Under a strategy unveiled by CEO John Borghetti in Singapore yesterday, Virgin Australia will redesign the cabins of its A330 and Boeing 777 aircraft from March next year, to better meet the needs of the corporate traveller.
The plan will see business seats on board the 777s grow from 33 to 37 as premium economy and economy seats are cut by 25.
A330s will retain 250 “cheap” seats and lose four business seats to allow room for 20 new suites featuring lie flat beds, privacy screens and extra workspace.
Mr Borghetti said the strategy would deliver a greater return per seat for Virgin than the current format because of expected higher fares for the new suites.
The cabin reconfiguration would mean up to 42 economy class seats would also get more leg space, Mr Borghetti said.
“There will be some seats in economy where there’ll be enough enhancement in the seat pitch to allow us to sell it for a premium,” said Mr Borghetti.
“The business case shows very strongly that the result will be improving.

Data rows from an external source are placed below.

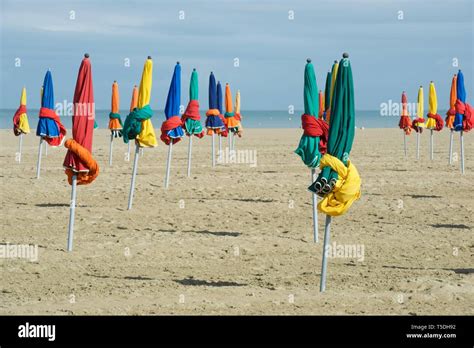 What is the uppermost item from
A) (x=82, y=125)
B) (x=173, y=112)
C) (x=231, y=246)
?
(x=173, y=112)

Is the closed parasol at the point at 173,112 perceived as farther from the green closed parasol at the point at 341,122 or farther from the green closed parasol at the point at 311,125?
the green closed parasol at the point at 341,122

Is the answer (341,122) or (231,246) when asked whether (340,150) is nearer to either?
(341,122)

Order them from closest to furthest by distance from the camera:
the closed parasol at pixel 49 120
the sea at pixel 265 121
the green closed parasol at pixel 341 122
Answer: the green closed parasol at pixel 341 122 → the closed parasol at pixel 49 120 → the sea at pixel 265 121

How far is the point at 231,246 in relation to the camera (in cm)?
1357

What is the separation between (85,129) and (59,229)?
3103 millimetres

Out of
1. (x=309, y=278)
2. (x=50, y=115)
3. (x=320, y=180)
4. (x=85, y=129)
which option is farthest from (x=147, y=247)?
(x=50, y=115)

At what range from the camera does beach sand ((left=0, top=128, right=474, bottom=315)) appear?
10.1 metres

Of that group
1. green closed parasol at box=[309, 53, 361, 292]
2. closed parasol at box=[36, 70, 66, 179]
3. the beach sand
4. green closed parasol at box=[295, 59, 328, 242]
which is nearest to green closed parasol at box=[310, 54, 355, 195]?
green closed parasol at box=[309, 53, 361, 292]

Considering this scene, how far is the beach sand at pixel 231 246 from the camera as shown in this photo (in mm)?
10078

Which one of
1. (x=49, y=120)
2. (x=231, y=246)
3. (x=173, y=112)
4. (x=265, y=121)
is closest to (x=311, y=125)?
(x=231, y=246)

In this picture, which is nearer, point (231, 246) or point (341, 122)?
point (341, 122)

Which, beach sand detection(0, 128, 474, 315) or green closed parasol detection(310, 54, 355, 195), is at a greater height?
green closed parasol detection(310, 54, 355, 195)

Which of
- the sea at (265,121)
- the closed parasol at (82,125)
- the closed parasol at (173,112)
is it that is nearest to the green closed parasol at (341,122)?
the closed parasol at (82,125)

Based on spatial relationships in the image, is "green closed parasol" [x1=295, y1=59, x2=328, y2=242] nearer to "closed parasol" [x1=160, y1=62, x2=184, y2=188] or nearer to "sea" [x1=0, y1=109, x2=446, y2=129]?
"closed parasol" [x1=160, y1=62, x2=184, y2=188] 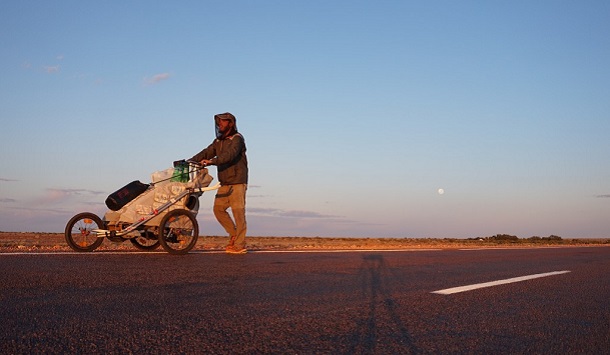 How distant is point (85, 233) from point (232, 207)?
2.56m

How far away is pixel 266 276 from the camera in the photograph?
6.71 meters

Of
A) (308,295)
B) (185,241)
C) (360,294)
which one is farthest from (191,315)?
(185,241)

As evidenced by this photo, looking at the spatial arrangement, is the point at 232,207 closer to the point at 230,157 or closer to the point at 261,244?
the point at 230,157

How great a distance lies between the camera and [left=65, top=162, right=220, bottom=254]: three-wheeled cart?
32.1ft

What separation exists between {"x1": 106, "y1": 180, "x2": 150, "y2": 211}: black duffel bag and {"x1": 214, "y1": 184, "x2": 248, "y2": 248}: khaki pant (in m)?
1.39

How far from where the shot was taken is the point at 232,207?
10812mm

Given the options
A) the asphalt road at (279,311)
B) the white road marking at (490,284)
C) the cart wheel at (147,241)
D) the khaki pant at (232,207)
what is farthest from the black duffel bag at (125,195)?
the white road marking at (490,284)

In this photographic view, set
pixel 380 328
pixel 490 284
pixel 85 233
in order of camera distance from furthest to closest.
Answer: pixel 85 233 → pixel 490 284 → pixel 380 328

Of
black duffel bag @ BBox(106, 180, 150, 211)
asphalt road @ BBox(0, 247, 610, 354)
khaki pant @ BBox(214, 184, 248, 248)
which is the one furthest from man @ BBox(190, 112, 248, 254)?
asphalt road @ BBox(0, 247, 610, 354)

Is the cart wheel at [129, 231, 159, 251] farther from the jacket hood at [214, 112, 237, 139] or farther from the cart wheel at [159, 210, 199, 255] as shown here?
the jacket hood at [214, 112, 237, 139]

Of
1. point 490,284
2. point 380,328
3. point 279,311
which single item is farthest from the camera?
point 490,284

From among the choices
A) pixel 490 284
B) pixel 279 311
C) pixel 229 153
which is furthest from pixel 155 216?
pixel 279 311

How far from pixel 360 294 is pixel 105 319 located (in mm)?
2505

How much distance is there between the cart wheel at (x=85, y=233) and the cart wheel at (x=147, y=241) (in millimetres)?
766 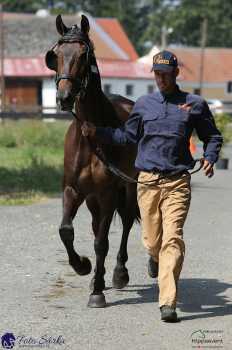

We wouldn’t be doing it otherwise.”
The strategy follows on from Qantas’ announcement last year of a new business class suite on its A330s being rolled out later this year.
Mr Borghetti said the Qantas design had given Virgin new ideas about its own redesign, which he believed would give it the upper hand.
“I think what we’ve come up with is exceptional,” he said.
“What we want to do is not just maintain the leadership in the products we’ve established, we want to leapfrog, we want to go one step further.”
The travel industry welcomed the innovation and ongoing rivalry between Qantas and Virgin.
Australian Federation of Travel Agents CEO Jayson Westbury said in a competitive environment the seat could “often be the factor that influences a business class passenger”.
“You would be surprised how Australians gravitate to business class — particularly when it is a good product,” said Mr Westbury.
Acting Tourism and Transport Forum chief Trent Zimmerman also welcomed the plans unveiled by Virgin.
“Innovation and improvement are critical in the extremely competitive world of global aviation and this Investment will ensure Virgin Australia can continue to offer world-class service and comfort,” said Mr Zimmerman.
Qantas’ new suites will beat Virgin to the marketplace and the airline remained confident of retaining the lion’s share of the corporate dollar.
“The great thing about competition is that customers get to decide which product they think is better, rather than relying on all the hype,” said a Qantas spokeswoman.